You can't beat the free ClassicShell!
I've started it using it recently and as it's FOSS I sent some spondoolics over to the dev team to say thanks.
Stardock has released Start10, a Start menu alternative which replaces Microsoft’s Windows 10 Start menu with one that will make former Windows 7 users feel at home. This is a product that should not need to exist. Following widespread protest at the full-screen Start in Windows 8, Microsoft pulled back in Windows 10 and …
I used CS myself on my test W10 install after disabling Cortana, though I found that the latest version to hand at that point, 4.2.3, didn't work right. The previous one (4.2.1) did, however.
While CS or Start10 provide a workable solution to the problem that is the new Start, it would be nice to have something that took the work needed to cobble the system together into something that worked, didn't download crud that killed it in the background, didn't send a ton of stuff to Microsoft every time I coughed and didn't rely on sodding clouds.
What we actually have is Windows as a Disservice.
Gave deployed two entire Windows 8 networks with ClassicShell.
Rolled it out via MSI, configured defaults via group policy, let user choose which menu type they want (some have stuck with Metro too but they are in the minority), but it gives them (and me) the power to choose.
Even changed the start menu with the company logo and made the side-edge of the old-fashioned start menus have the company name on. Looks snazzy. Cost nothing.
Twice now this paid for app ( other completely free start replacements are available ) has appeared in El Reg in a week. Anything to declare?
If your interest is genuinely in helping readers improve their start menu experience then why would you not mention alternatives such as the excellent Classic Shell?
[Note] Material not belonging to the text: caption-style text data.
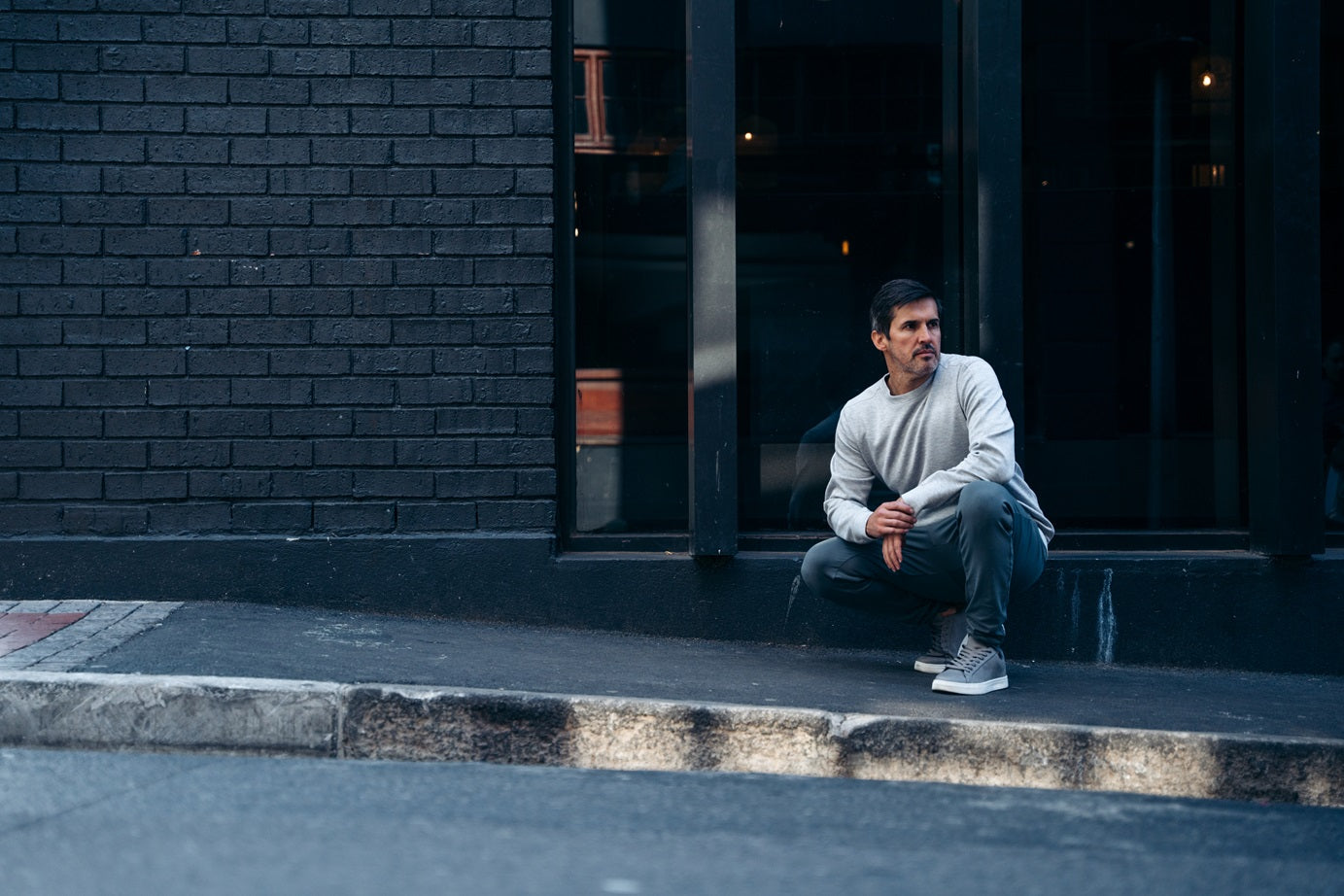 Man crouching down in front of wall Maru Clothing 
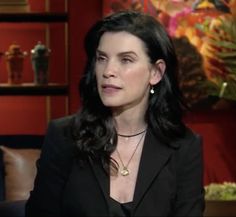 a woman with long black hair wearing a suit and necklace sitting in front of a red wall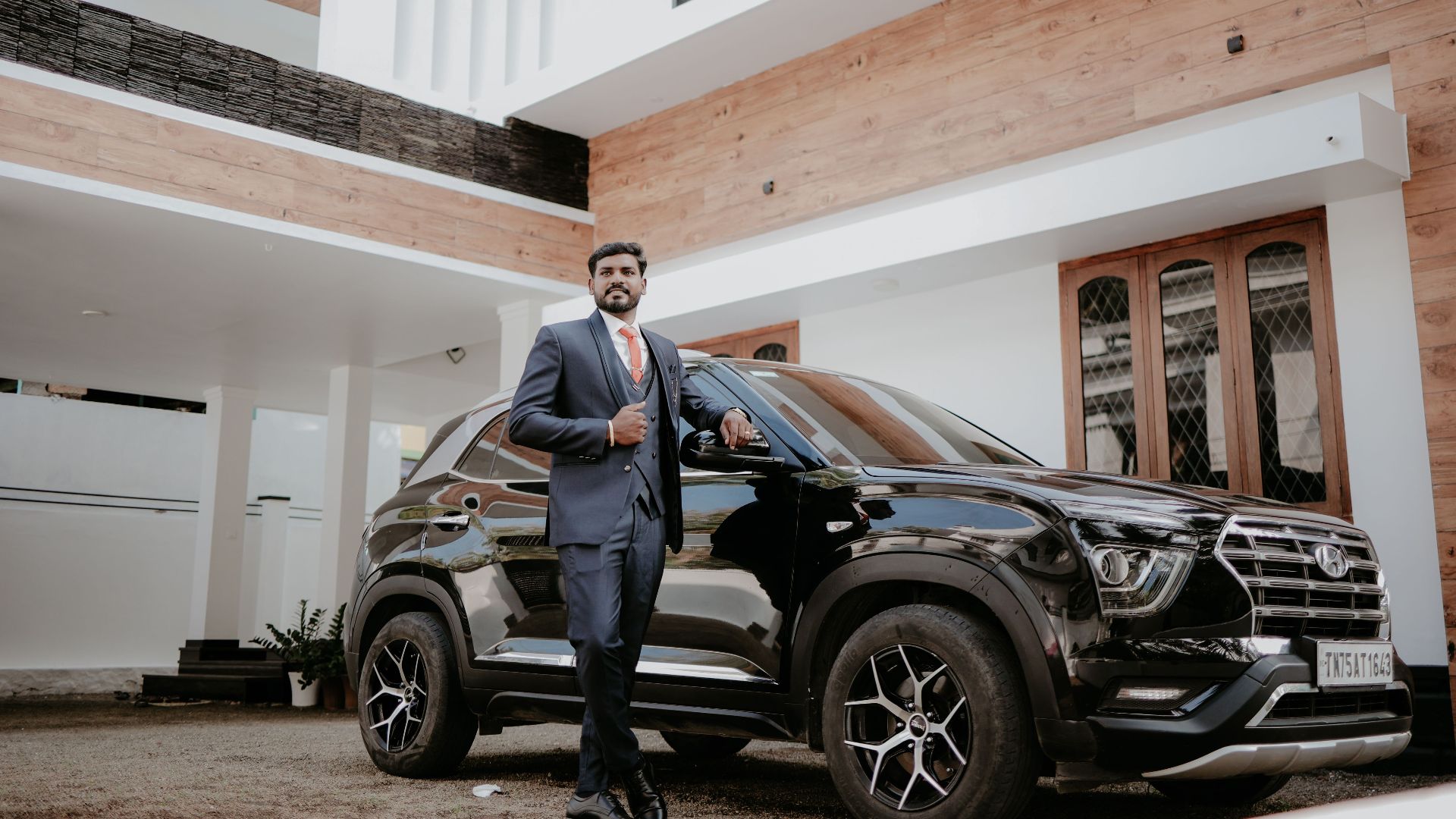 Businessman in a blue suit standing confidently next to a modern black SUV outside a stylish home in India.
Sorry, Reg, but stop with the pay-for articles.
Classic Shell does this for everything from 7 up (and maybe even down, I haven't bothered to check) and has had Windows 10 support for several versions now. And, it's properly-free. As in nothing, nada.
And it's group-policy configurable, MSI-deployable and gives all kinds of options that Start10 doesn't have.
If you going to do this, do a round-up of products, not a pay-for ad for your "favourite".
Q-Dir is a quad-panel free replacement that does it right. Great, persistent usability, with customization. Frequent updates that you don't get nagged about (pull, not push, including not pushing notices). And tons of other great freeware on his site.
Yes, I have contributed. No, I'm not a shill.
This post has been deleted by its author
"After setup it prompts to hide the Cortana/Search box which takes up substantial taskbar space; fine if you like what it does, but a nuisance if not."
What a load of crap. You don't need this to hide the Cortana/Search box, you simply Right click on the taskbar, go to 'Cortana' and select 'Hidden'. No 3rd party junk needed to do that.
As always, research before publishing crap. :)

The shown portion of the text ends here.